Ein Büchlein, das gerade in Zeiten des Gaza-Krieges erhellen kann, warum es in Gaza, im Westjordanland und in der palästinensischen Diaspora keine relevanten linken Kräfte mehr gibt, die den religiösen Fundis einerseits und der zunehmend autoritär und konservativ gewordenen Führung der PLO Paroli bieten können. Und dadurch auch Denkansätze anstößt, die das Grauen in der Region rational verständlich machen können.
Meine Zusammenfassung lautet: Top. Das Buch tut, was es tun soll. Es gibt wie der Titel schon sagt, eine Einführung. Und vermeidet dabei, was bei solchen Büchern allzu oft der Fall ist – die Autor*innen protzen mit ihrem allumfassenden Wissen, das jene, die einen groben Einblick, eine oft erste Beschäftigung mit einem Thema, eben eine Einführung wollen, eben nicht haben wollen. Dem mandelbaum-Verlag ist es hoch anzurechnen, dass die Reihe „Die Linke in ...“ ins Leben gerufen wurde, welche auch andere interessante Einblicke für jene bietet, die mal schnell was über die Linke im Land oder dem Gebiet X wissen wollen, ohne allzu tief eintauchen zu wollen.
Die große Stärke des Buches besteht darin, dass es tatsächlich am Anfang beginnt. Mit den ersten linken Organisationen in Palästina im weiteren Sinn des Wortes, welches heute Israel, den Gazastreifen, des Westjordanland, aber auch Teile des heutigen Jordanien und Syrien umfasst. Die Darstellung beginnt also noch zu Zeiten des osmanischen Reiches und reicht über die Zeit des britischen Mandatsgebietes und die Gründung des Staates Israel bis hin zu den Folgen der Tragödie des 7. Oktober 2023.

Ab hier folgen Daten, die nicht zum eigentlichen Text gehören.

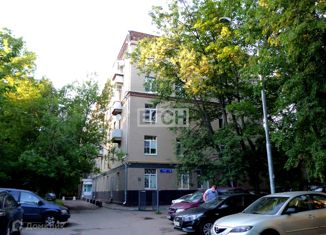 Продается 3-ком. квартира, 65.8 м2, Москва, Чуксин тупик, 4, Чуксин тупик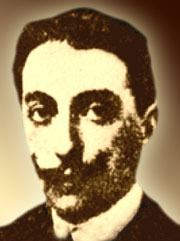 Gonzalo López Abente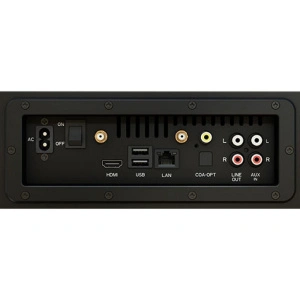 AST OneBox
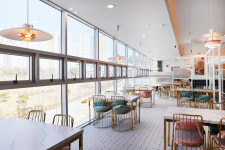 라라코스트 원주기업도시점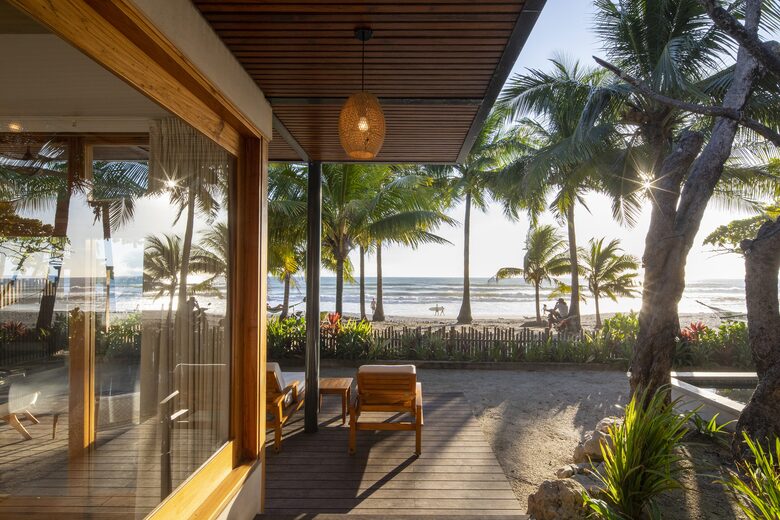 Villa Akoya - Santa Teresa, Costa Rica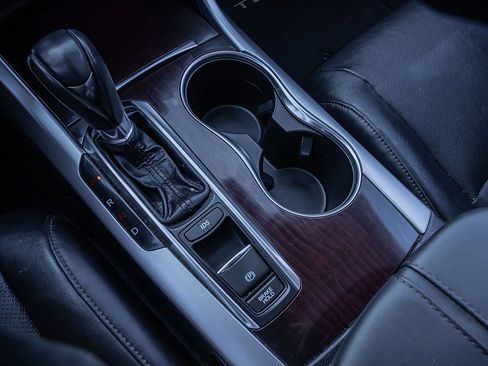 Used 2016 Acura TLX w/ Technology Package image 24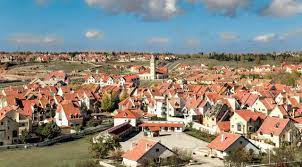 منح إفران علامة "مدينة الأراضي الرطبة"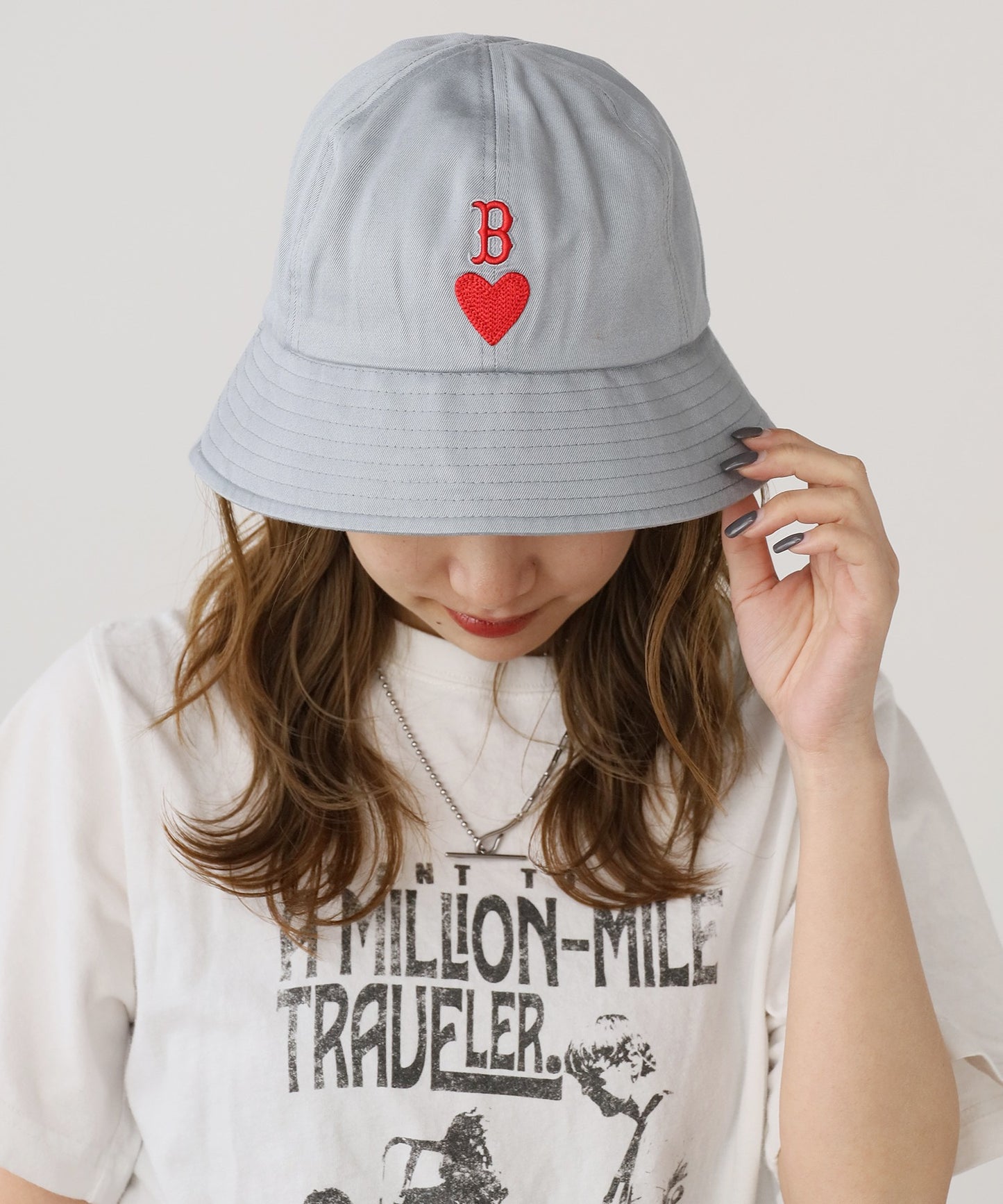 MLBKOREA / HAT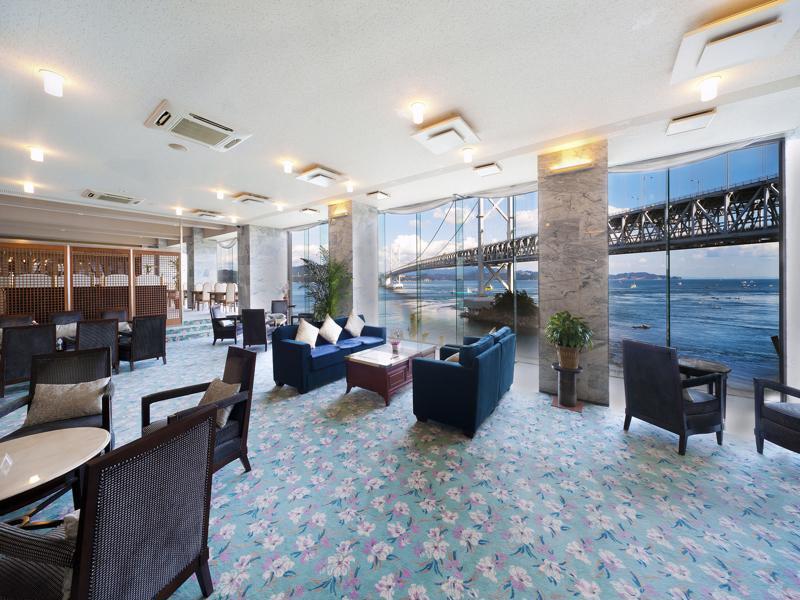 Naruto Kaigetsu Hotel Exterior photo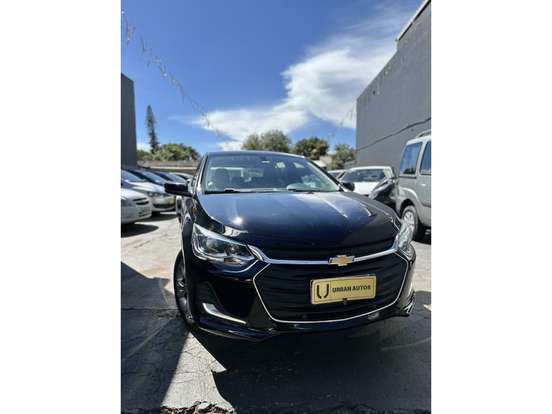 CHEVROLET-ONIX-2020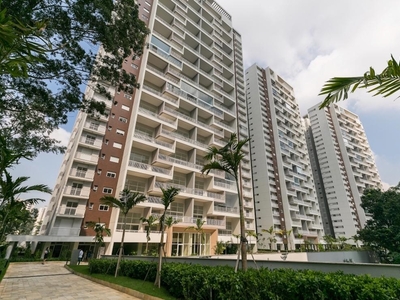 Cobertura em Vila Suzana, São Paulo/SP de 582m² 4 quartos à venda por R$ 4.793.840,00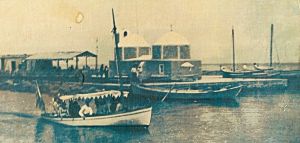 Η ξακουστή «βάρκα του καμπούρη Αντρέα» και η ιστορία της
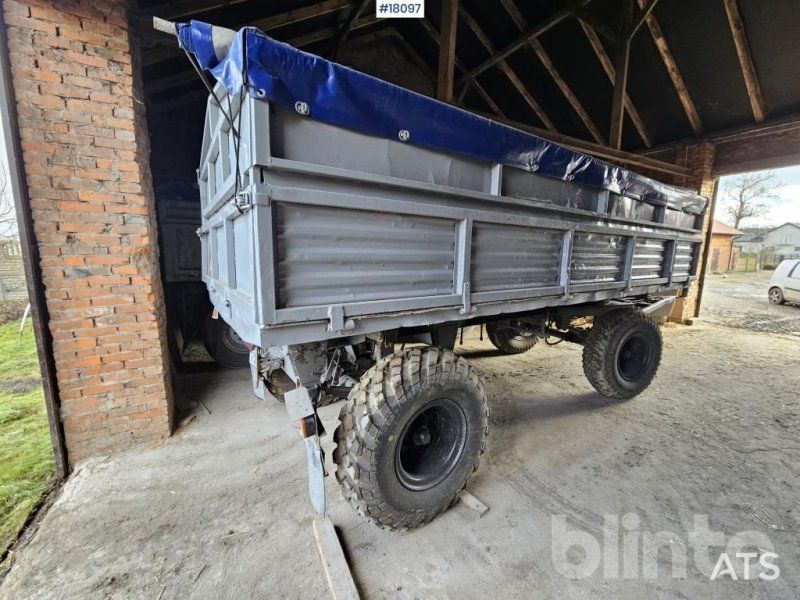 BSS Brandys unbekannt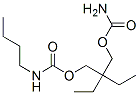 CAS No 25385-20-0  Molecular Structure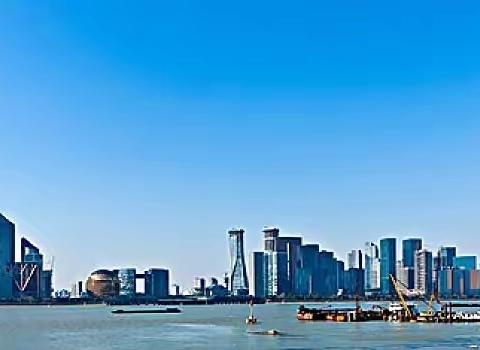 女儿乔迁新居记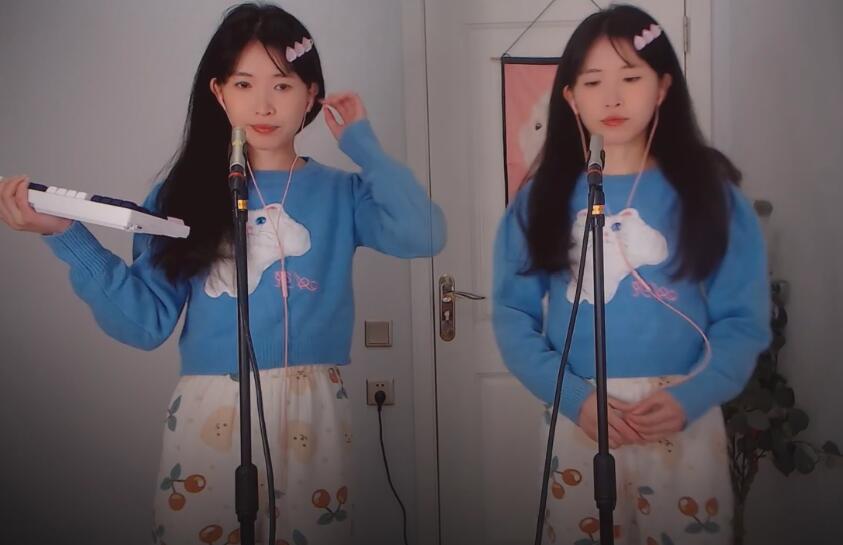 芝麻对辣 由远到近贴耳温热触发词 敲击摩擦触发音.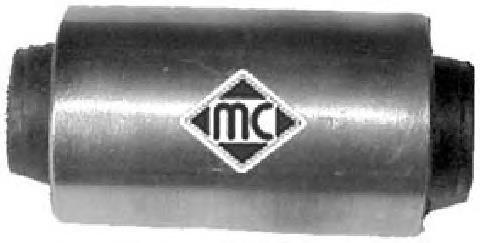 Bloco silencioso dianteiro do braço oscilante inferior Metalcaucho 04704 preço, a partir de 21,97 USD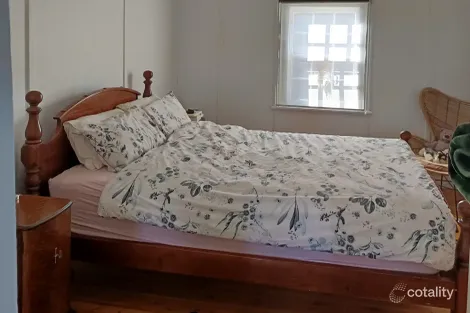 Property photo of 140 Lloyd Street Dimboola VIC 3414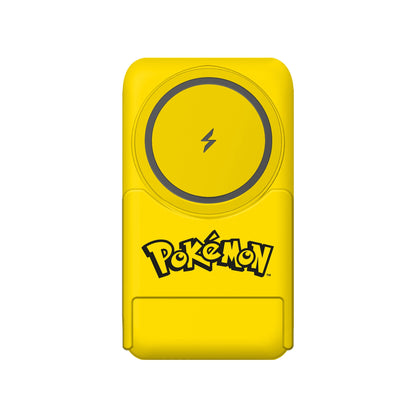 Pokémon Pikachu Magnetic Wireless Charger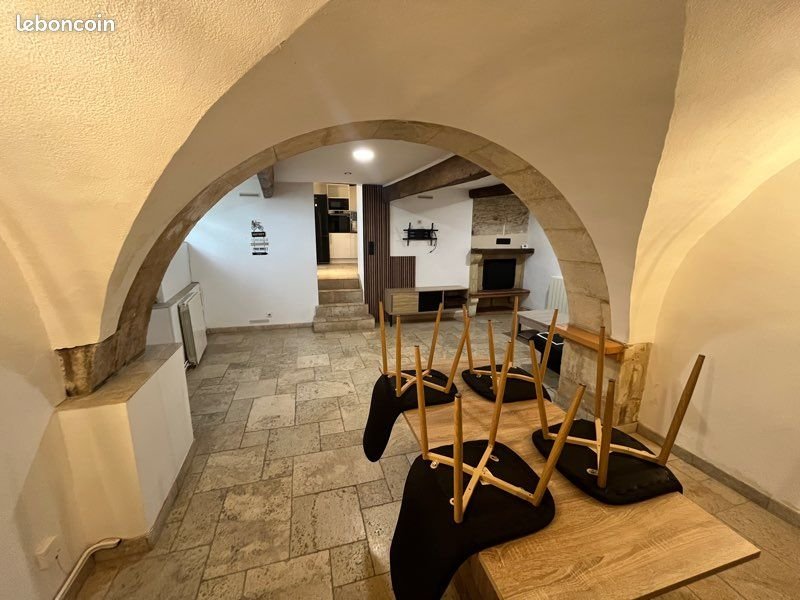 Maison à louer, 100m², Meynes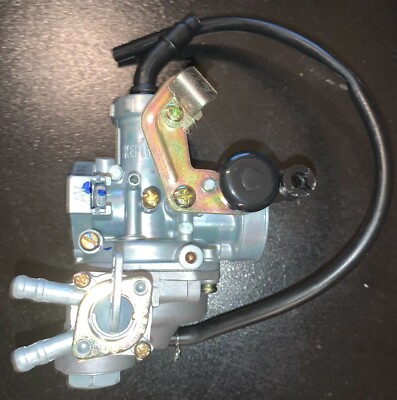 CARBURETOR ARMOR TECH CCR123 pz22 48mm spacing 26mm mouth (0032) NUAKSFX4
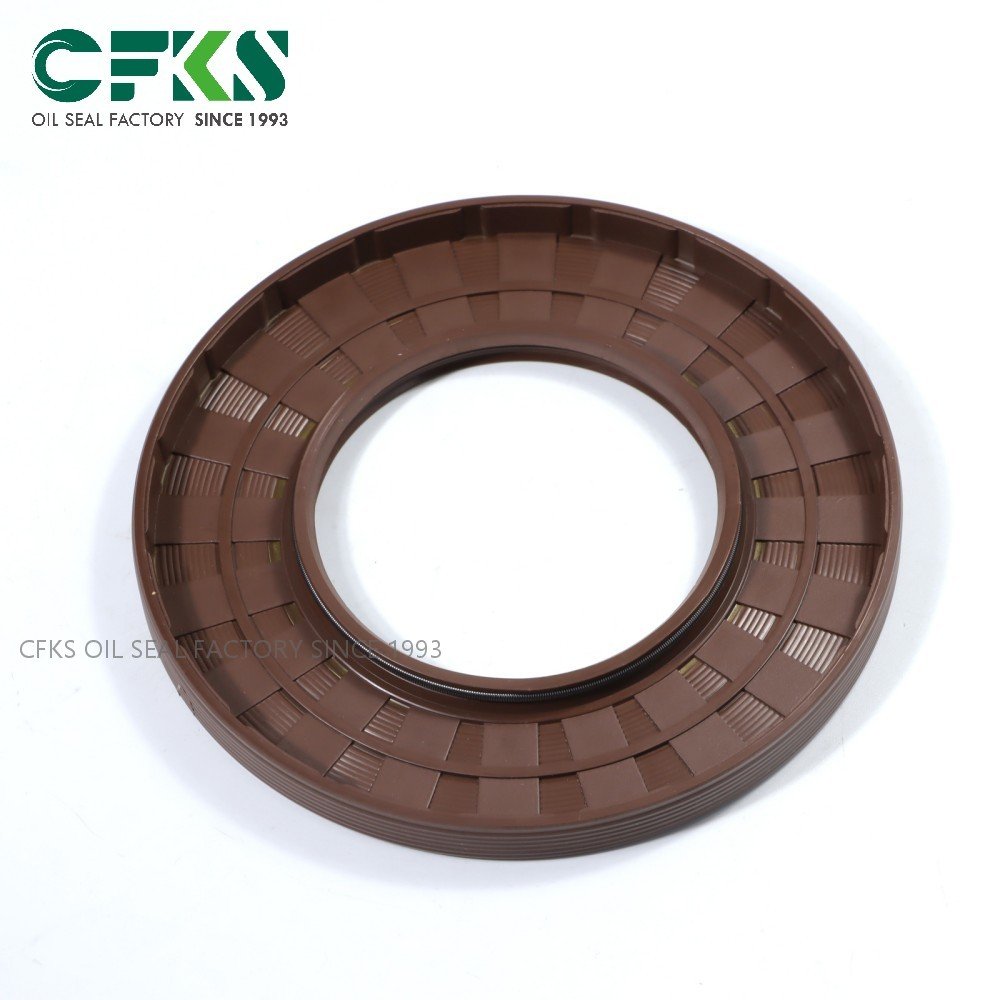 CFKS TG4 Nitrile Rubber TC Skeleton 65*120*10 Oil Seal FKM TG Oil Seals - Image 2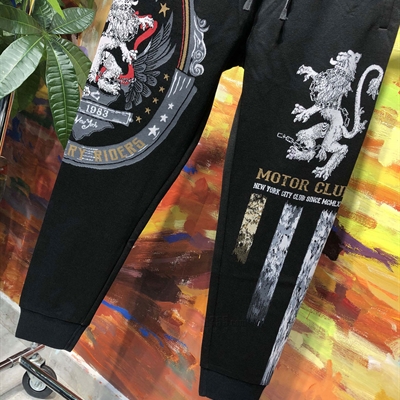 市場(chǎng)男褲-歐貨-潮褲【實(shí)拍】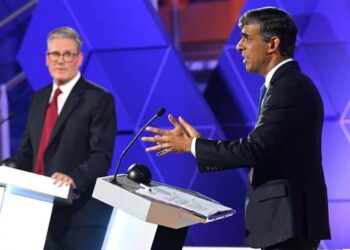 UK Elections: Labour’s Investment Plans Fall Short of Voter Expectations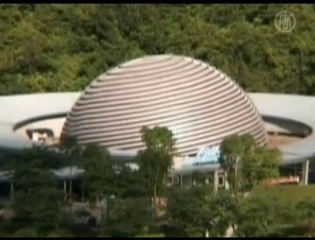 Six Killed in Ride Accident at China Amusement Park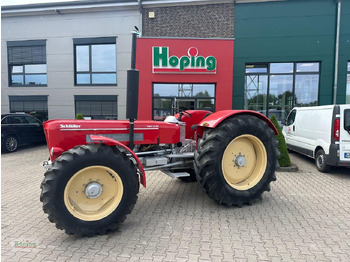 Traktor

Für viele mag es erstaunlich sein, dass gerade am Anfang Jüd*innen oder als solche gelesene Menschen eine entscheidende Rolle bei der Gründung linker Organisationen spielten. Einerseits handelte es sich dabei um Menschen, die dort geboren wurden und andererseits um solche, die ihre Theorien, ihre Ideologie als Migrant*innen zumeist aus Europa mitbrachten. Aus heutiger Perspektive mag es verwundern, dass es fast die ganze Bandbreite linker Tendenzen gab: Linkszionismus, Trotzkismus, Stalinismus, Sozialdemokratie, Anarchismus und sogar Maoismus.
All diese Organisationen waren zumindest während der ersten Periode säkular und internationalistische ausgerichtet. Weder Religion noch Nationalität spielten eine Rolle. Auch linke Jüd*innen verstanden sich damals als Palästinenser*innen. Und sie alle traten für einen gemeinsamen, säkularen, später auch einen binationalen Staat auf dem gesamten Gebiet dessen ein, was zur jeweiligen Zeit unter Palästina verstanden wurde.
Mit der weltweiten Welle antikolonialer Kämpfe rund um die 1960er hielt auch hier der Linksnationalismus Einzug. Und der individuelle Terror, der zuvor eher Sache der anderen gewesen war. Das was heute als Islamismus verstanden werden muss, spielte über lange Zeit keine Rolle und konnte erst zu einer dominanten Kraft werden als die Linke zunehmend darin versagte, den Menschen der Region eine (gemeinsame und friedliche) Perspektive, zumindest aber die Möglichkeit einer Koexistenz anzubieten.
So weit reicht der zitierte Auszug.